Elliott Lieb was born in Boston in 1932, and at the age of five moved to the Bronx where he was educated in the New York City school system, graduating from the Bronx High School of Science. At the age of 17 he moved with his parents back to Boston, where he was able to attend the Massachusetts Institute of Technology, thanks partially to a scholarship.

While in high school, Elliott was interested in electronics (vacuum tubes then) and amateur radio; one of his proudest achievements was being able to master Morse code sufficiently to obtain a broadcasting license, W2ZHS. Upon entering MIT in 1949 his intention was to acquire an electrical engineering degree, but thanks to the superb teaching of his first-semester physics professor Matthew Sands (who collaborated with Richard Feynman and Robert Leighton on the famous “Lectures”), Elliott switched to the physics department.

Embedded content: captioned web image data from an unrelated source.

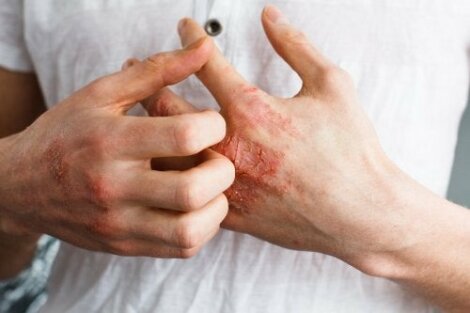Alergiczne Zapalenie Skory Na Czym Polega Ta Choroba Krok Do Zdrowia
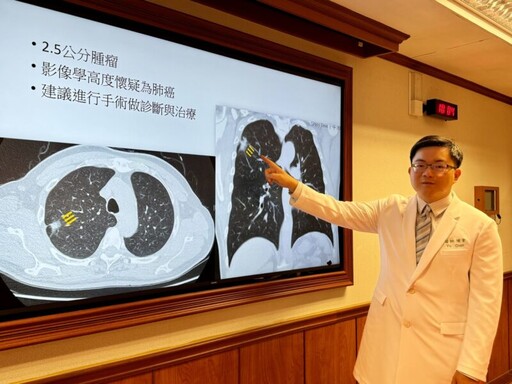 高雄長庚多元高端治療助肺癌病人 達文西肺臟手術納健保
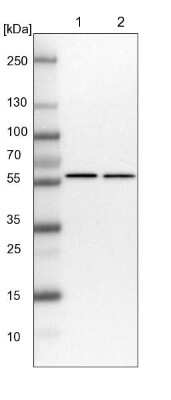 Western Blot: ZC3H15 Antibody [NBP1-81314]
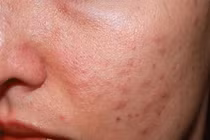 Lý do mụn trứng cá dễ tái phát, khó trị dứt điểm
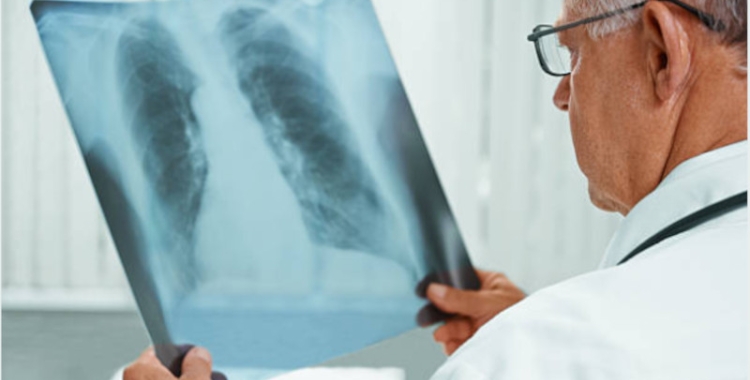 Una radiografia pulmonar/ Pexels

The years at MIT were fraught with political turmoil. There was McCarthyism, which devastated the academic community in several ways. One famous case was the MIT mathematics professor, Dirk Struik, who was suspended from teaching. His defense sparked much activity within some of the student body, including Elliott. Also of major concern was the Korean War. Students were told by the ROTC officers that they could either graduate and become officers in Korea or do nothing and probably go directly to Korea as privates. Elliott took his chances with the latter and was lucky to continue through to a bachelor of science degree.

Elliott recalls that he was powerfully impacted at MIT by Professors Victor Weisskopf, Jerrold Zaccharias, Francis Friedman, Peter Demos, Isaac Halpern, Norbert Wiener, and Isadore Singer.

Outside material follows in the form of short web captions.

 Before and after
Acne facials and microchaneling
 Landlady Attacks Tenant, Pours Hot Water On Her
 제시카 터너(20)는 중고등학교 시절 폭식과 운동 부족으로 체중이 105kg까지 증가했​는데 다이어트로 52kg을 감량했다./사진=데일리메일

In 1953 Elliott took off on a National Science Foundation fellowship for Birmingham University in England, for Ph.D. studies in the department of mathematical physics under Rudolf Peierls, Samuel Edwards, and Gerald Brown. Birmingham was one of the main centers of theoretical physics in Europe in those days. Like many young people then and now he steered towards the most advanced subject offered, quantum field theory. But after graduation in 1956 he tacked towards other directions in physics.

Throughout the rich scientific career that followed, Elliott has been guided by his drive to understand challenging physics phenomena in lucid mathematical terms. In the process, he would repeatedly break new ground in physics and in mathematics. A number of active fields of research were started or invigorated that way, and some now enjoy renewed attention. His early work withstands the test of time in its clarity and reach.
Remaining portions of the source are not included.